Economy falls short of forecasts But administration sees low deficit, rates

September 02, 1993|By Gilbert A. Lewthwaite | Gilbert A. Lewthwaite,Washington Bureau

WASHINGTON -- The Clinton administration said yesterday that the economy was growing more slowly than projected, but this gloomy news was offset by the administration's prediction of increased deficit reduction and continuing low interest rates over the next five years.

In its midyear economic review, the administration predicted moderate but sustained expansion with long-term productivity and income gains, unthreatened by a new round of inflation.

"America is becoming the nation in which to invest, innovate, prosper and grow," the review said. "And the American people will reap the benefits in the form of jobs, income growth, and economic security."

The administration's reassessment of weaker short-term growth but stronger long-term prospects is expected to be confirmed next week by the Congressional Budget Office in a separate economic update. A CBO official said: "There are differences in some areas . . . but the directions are no different."

The administration's review was also basically in line with the expectations of private forecasters. But some of its rosier elements provoked mild skepticism from economists outside the government.

The new estimates, which factor in the effects of the recently passed budget, suggest that:

* The gross domestic product -- the sum of all goods and services produced in the United States -- will be 2 percent this year, compared with the 3.1 percent forecast when the administration presented its budget in April.

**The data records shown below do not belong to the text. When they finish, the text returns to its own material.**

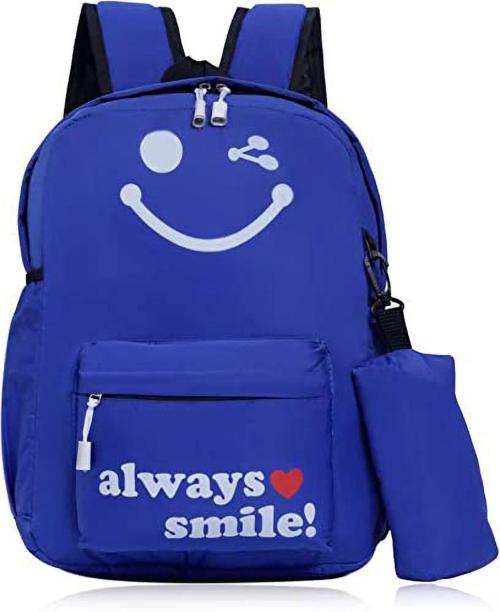 Sky Gold Blue Denim Laptop Backpack, 25 L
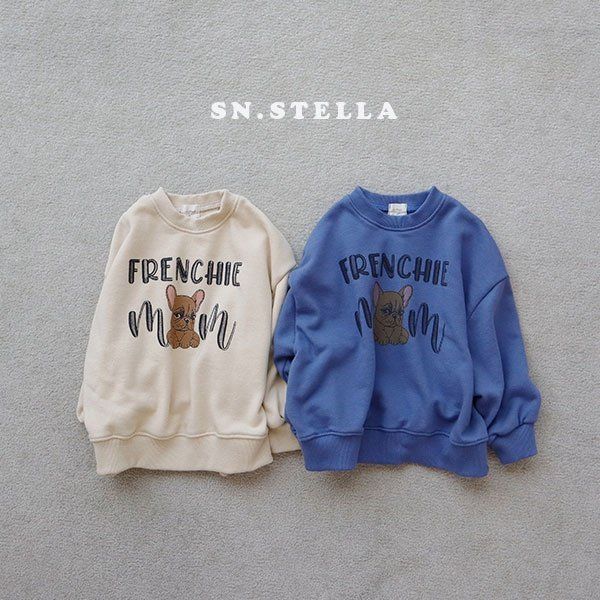 Sn.stella - Korean Children Fashion - #kidsshorts - Le Bulldog Sweatshirt - 3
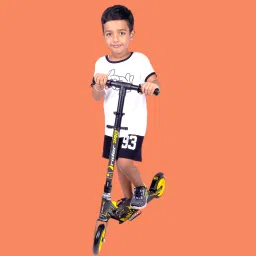 Scooter for adults with smooth braking,adjustable height,foldable Adult Scooter-image-21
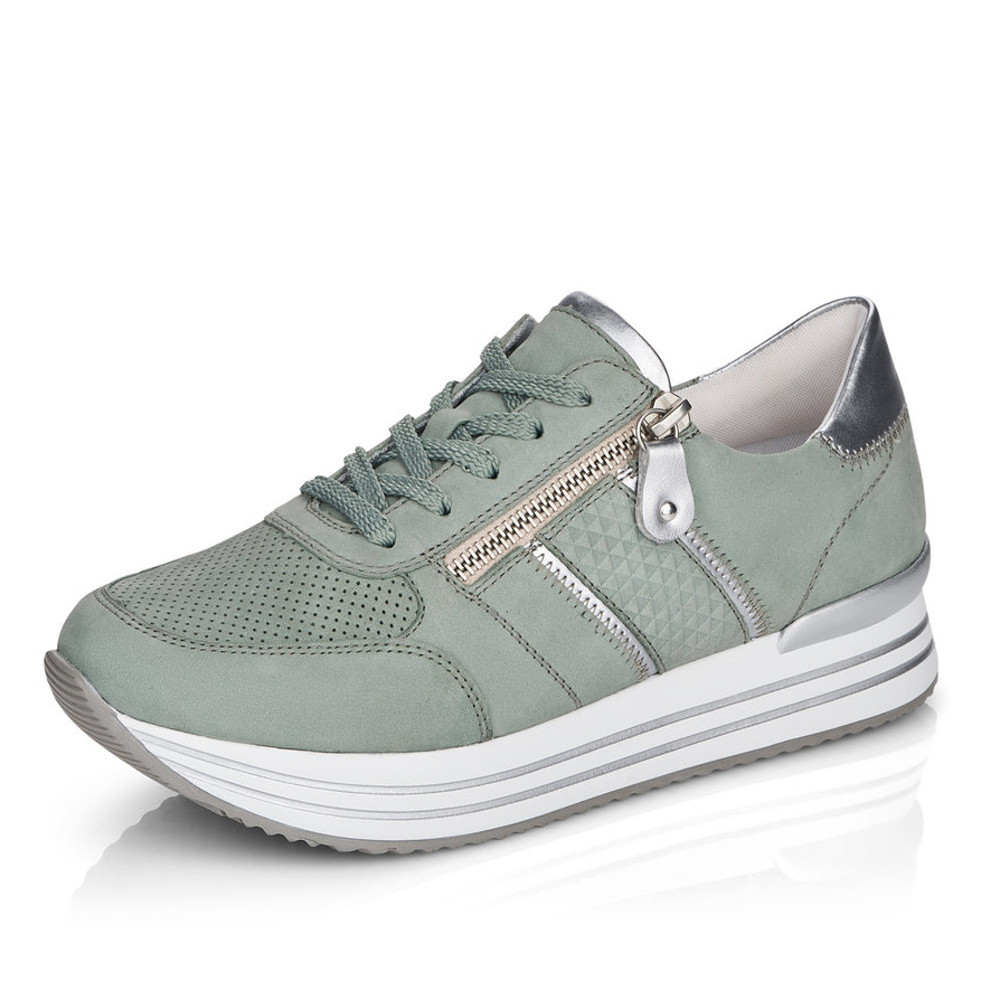 detail Dámske tenisky REMONTE D1310-52 zelená S3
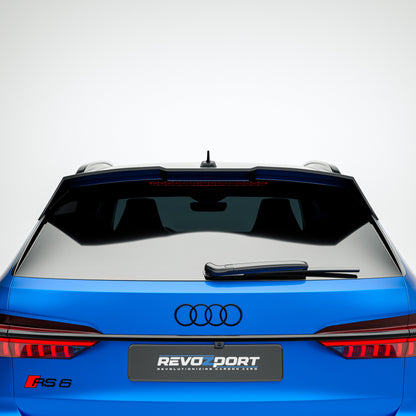 Carbon Fiber Rear Roof Spoiler for Audi RS6 C8
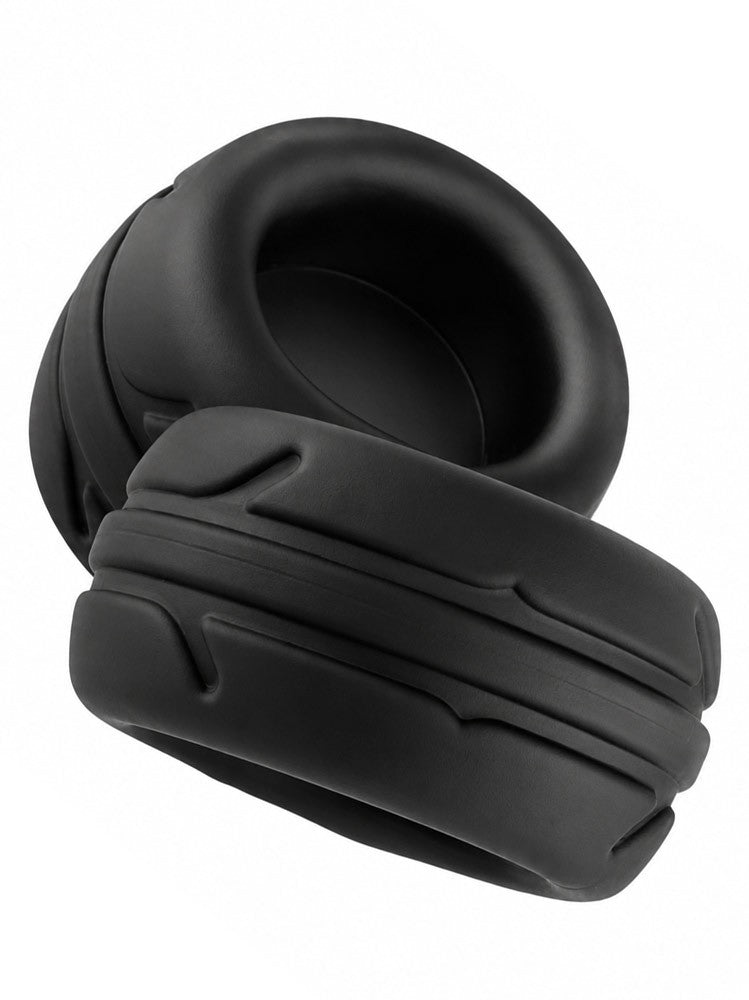 LOW LOADER – Double Silicone Cock &amp; Ball Ring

Next year's growth rate will be 3 percent, instead of the hoped for 3.3 percent. The long-term projection suggests a growth rate of around 2.6 percent or 2.7 percent between 1995 and 1998.

"The economy looks slightly weaker than it did last winter," the review said.

The downward revision was due primarily to a weaker-than-expected performance in the first half of the year, when the economy grew at an annual rate of only 1.3 percent. Behind the sluggish growth were weak consumer confidence and depressed demand for U.S. goods abroad, particularly in recession-racked Japan and Europe.

* The deficit this year will shrink to $259.4 billion, from the $305.3 billion projected in April, and by 1998 will drop from the $387.7 billion projected in April to $181 billion. This would enable President Clinton to fulfill his campaign pledge of halving the deficit as a percentage of gross domestic product, to 2.2 percent, from 4.6 percent.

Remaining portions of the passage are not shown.